** ENTRIES SUPPLIED follows **

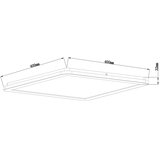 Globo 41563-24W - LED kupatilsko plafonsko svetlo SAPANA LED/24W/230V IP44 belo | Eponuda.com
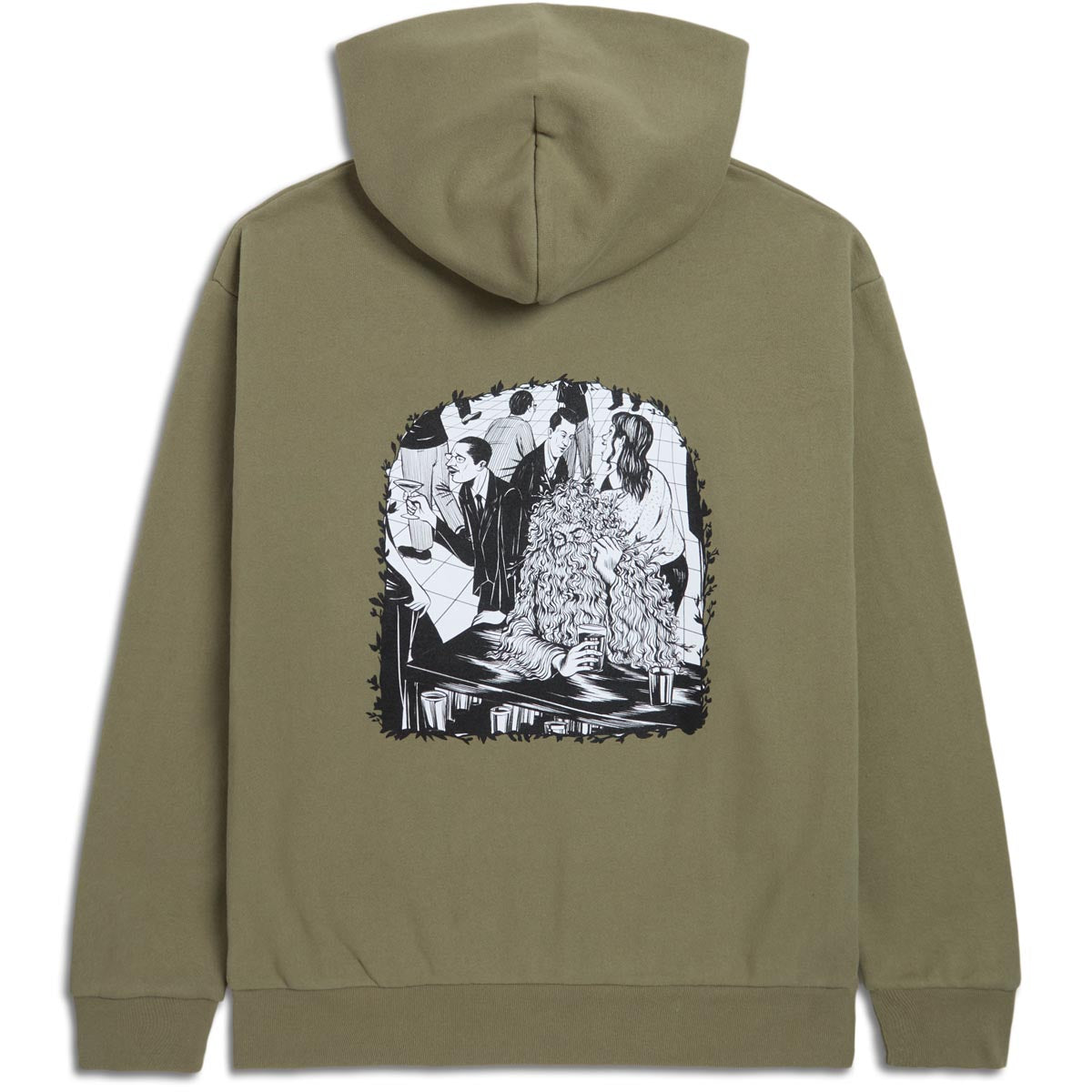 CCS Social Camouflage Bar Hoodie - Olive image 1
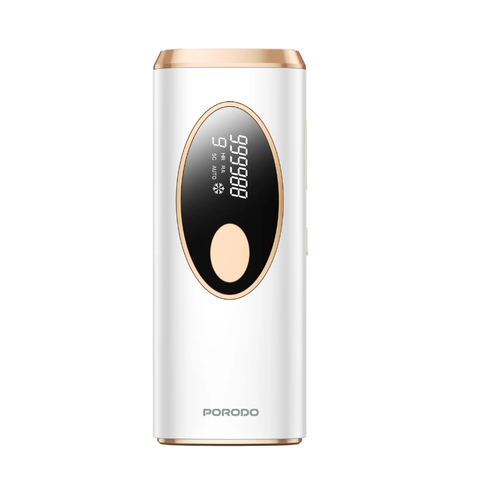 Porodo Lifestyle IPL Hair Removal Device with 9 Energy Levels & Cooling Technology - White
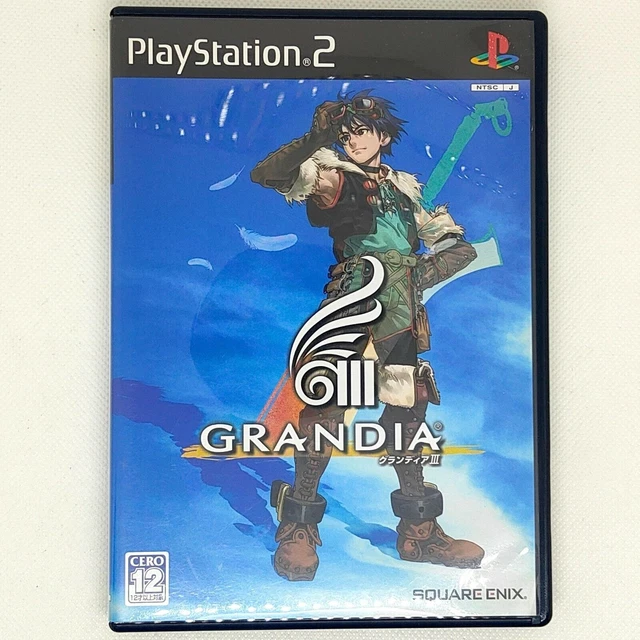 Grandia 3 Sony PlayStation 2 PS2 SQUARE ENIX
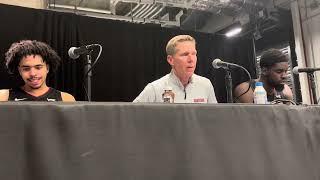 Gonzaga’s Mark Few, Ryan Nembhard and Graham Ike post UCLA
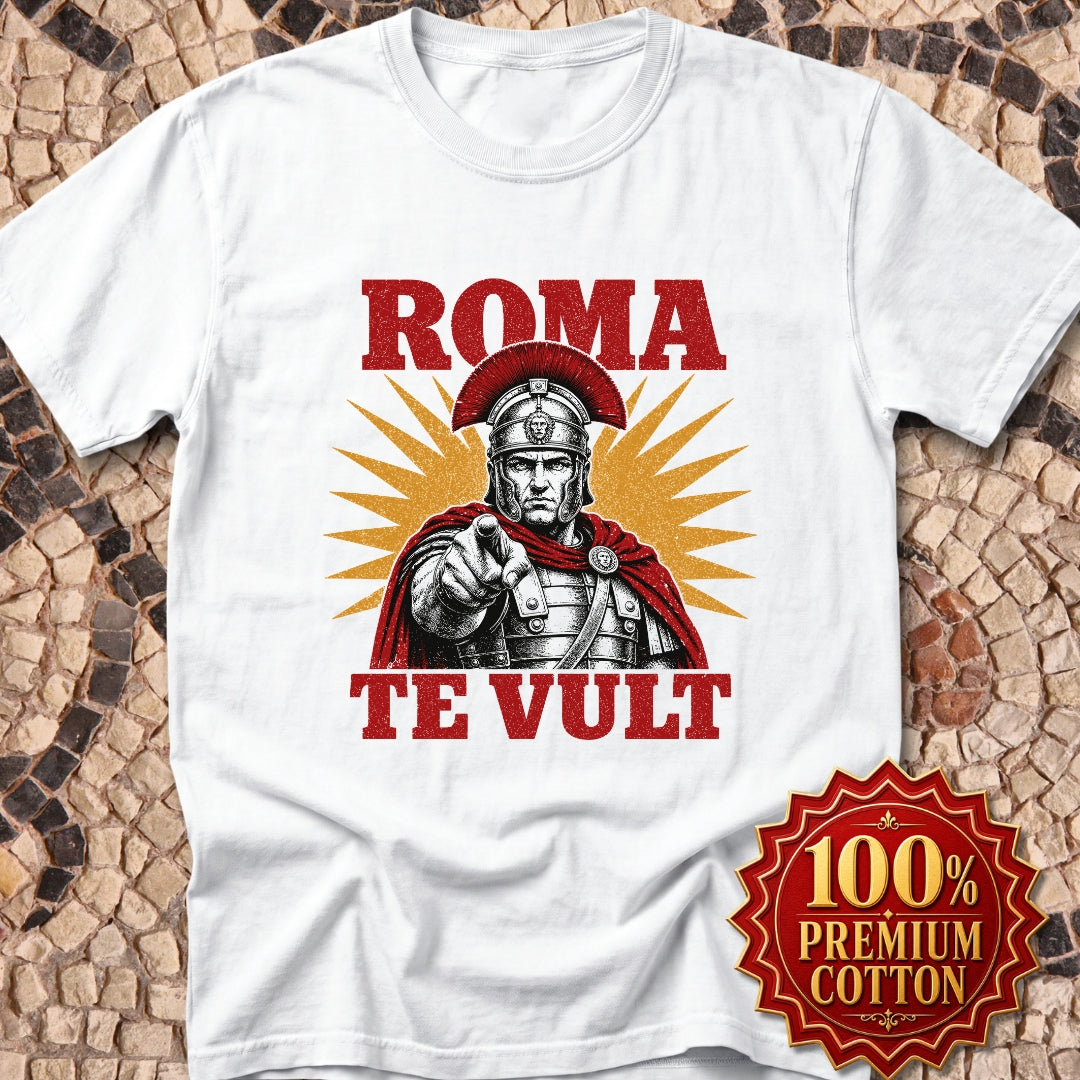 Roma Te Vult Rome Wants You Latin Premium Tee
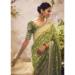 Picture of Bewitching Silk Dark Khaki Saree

** End of ENTRIES SUPPLIED **

TASK PROMPT: Give back an exact repeat of the lines from the top of the data through the line that holds "Porodo Lifestyle IPL", both included, and omit pictures.

SOLUTION BELOW:
 Globo 41563-24W - LED kupatilsko plafonsko svetlo SAPANA LED/24W/230V IP44 belo | Eponuda.com
 CCS Social Camouflage Bar Hoodie - Olive image 1
 Porodo Lifestyle IPL Hair Removal Device with 9 Energy Levels & Cooling Technology - White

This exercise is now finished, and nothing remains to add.